Heeft UPC daar veel hinder van ondervonden?
“Dat is heel lang zo gebleven, zeker in de beginjaren van internet over de kabel. Om in één keer 550.000 huishoudens van een regio als Amsterdam van een nieuw kastje te voorzien, was een enorme klus.
Bovendien vertoonden de netwerken, die we overnamen, vaak onverwachte verrassingen. In Amsterdam hadden we een extreem hoog percentage cross connects; de kabeltjes in de wijkkasten waren meestal met het verkeerde nummer verbonden. Zeker 65 procent van de kabeltjes van A2000 had niet de goede aansluiting.”
Nooit gehoord, intrigerend. Kwamen jullie daar na de overname pas achter?

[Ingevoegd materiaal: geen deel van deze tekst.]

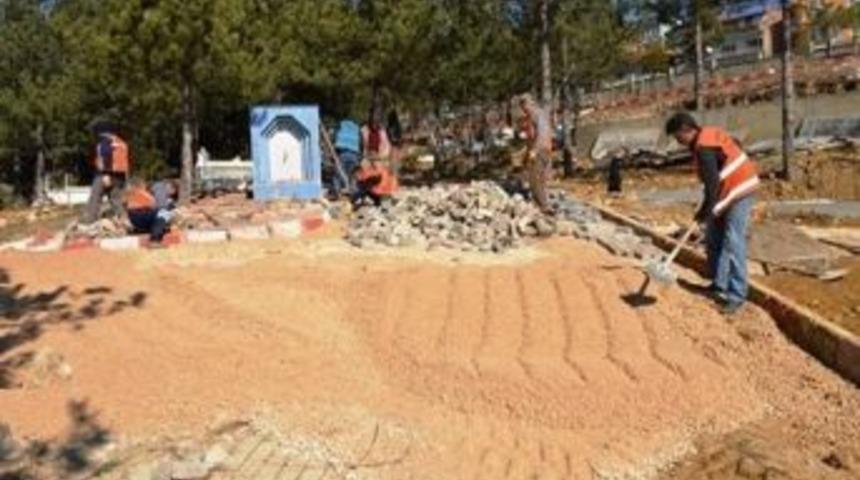 Moymul Mezarlığı&rsquo;nda Parselasyon &Ccedil;alışması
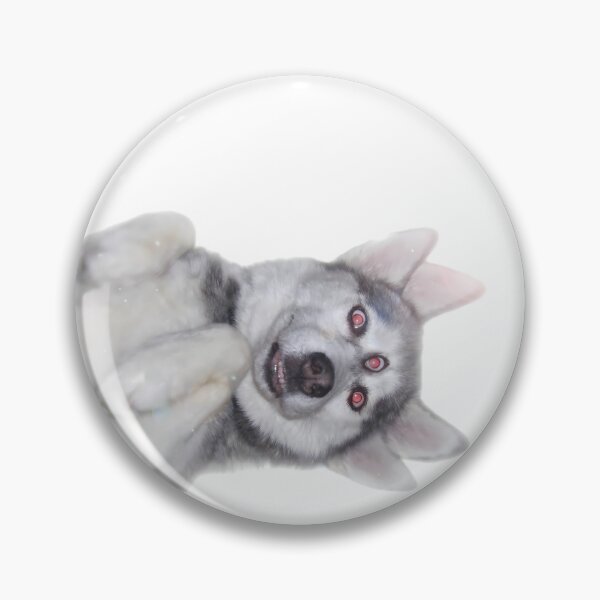 Item preview, Distorted Multi-Eye Husky Dog Glitch designed and sold by NostalgiaOS.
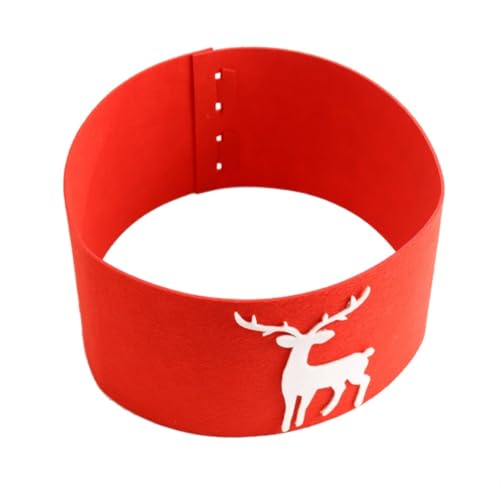 AZHKJKZH Weihnachtsbaum-Kragen Filz-Weihnachtsbaum-Krage n-Weihnachtsbaum-Korb-Bas isabdeckung Zur Dekoration Weihnachtsdekoration(Rood )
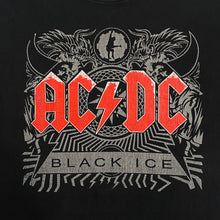 Load image into Gallery viewer, AC/DC &quot;Black Ice&quot; Graphic Spellout Band T-Shirt
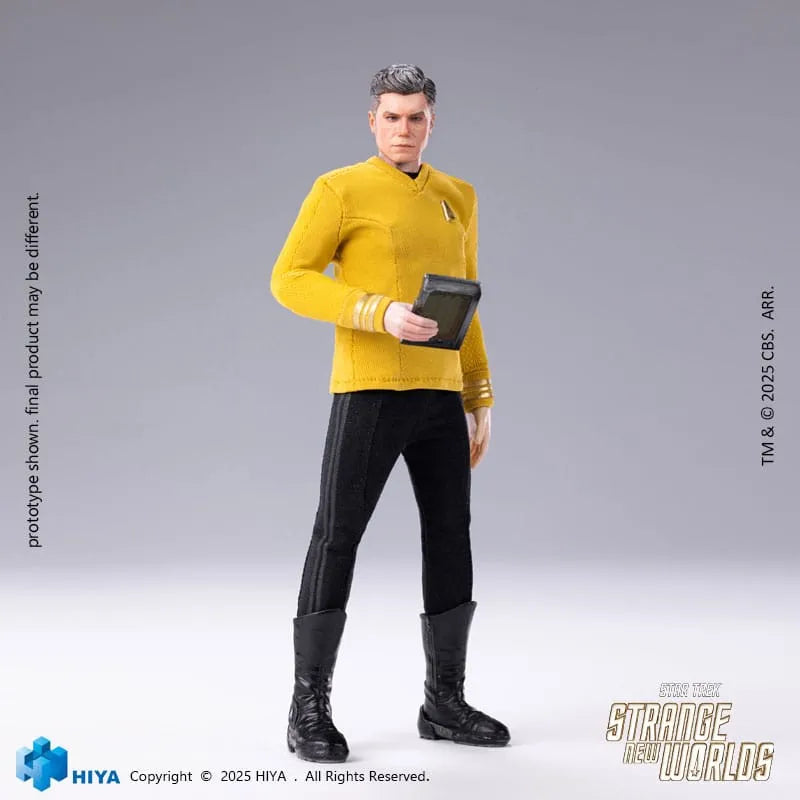 Star Trek: Strange New Worlds: Christopher Pike: Exquisite Super Series: Action Figure by Hiya Toys – Action Figure, [scale], UK stockist Planet Action Figures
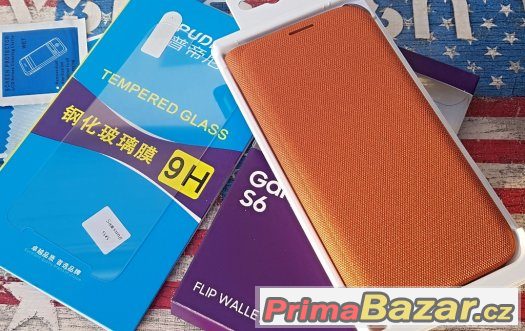 Samsung S6 G920 SADA Sklo+Pouzdro oranžové – fotografie 1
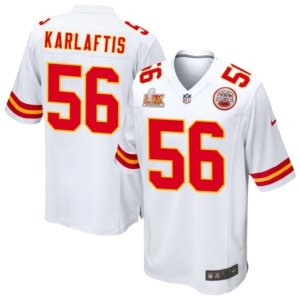 Chiefs George Karlaftis Super Bowl LIX Jersey White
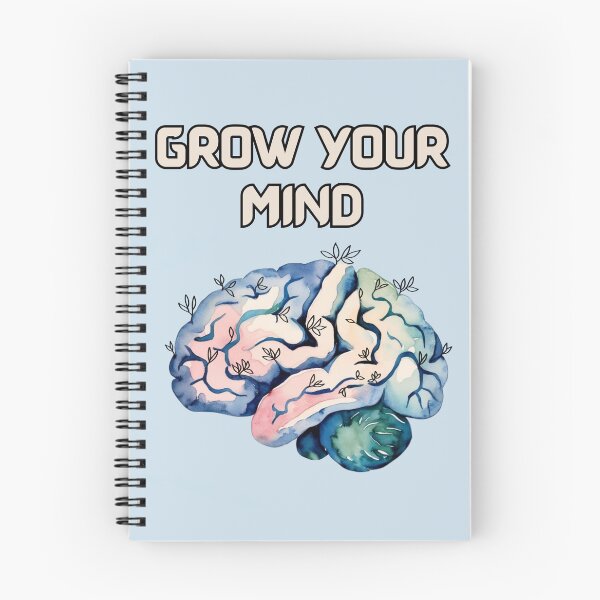 Item preview, Grow Your Mind - Colorful Brain with Growing Seedlings Motivational Design designed and sold by Marwamay.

“Daar kwamen we laat achter. Zolang we iedereen dezelfde televisiezenders éénweg boden, maakte het niet uit. Toen we mensen echter wilden afsluiten wegens wanbetaling zat nummer 56 zonder tv, terwijl nummer 10 de rekening niet betaalde. Dus hebben we heel lang afsluiting nagelaten om dat risico te ontlopen. Langer dan in andere steden gold dit ‘hot drop systeem’.
Het was niet goed gedocumenteerd en geregeld. Met name bij de introductie van internet, met tweeweg verkeer, moesten de stekkers in de juiste slotjes zitten.”
Ik herinner me een sterke technische afdeling van UPC.
“Absoluut mee eens. Dat is nog steeds de grote kracht van de onderneming. Het lukt goed om slimme jongens en meisjes te binden aan Amsterdam. Storingsvrij internet en tv aanbieden was een kunst.
MediaOne begon in 1997 met internet via de kabel in Nederland, maar moeder US West was een telefoniebedrijf dat internet erbij deed. Ze kregen dat niet goed in de vingers en trokken zich langzaam terug uit Europa.
Wij zagen spoedig dat we dat beter moesten aanpakken en waren vroeg in de overgang van de oude technici, geschoold in analoog frequentiespectrum management en golflengtes - de essentie van een kabeltv-netwerk -, naar technici voor internet, telefonie en betaaltelevisie.”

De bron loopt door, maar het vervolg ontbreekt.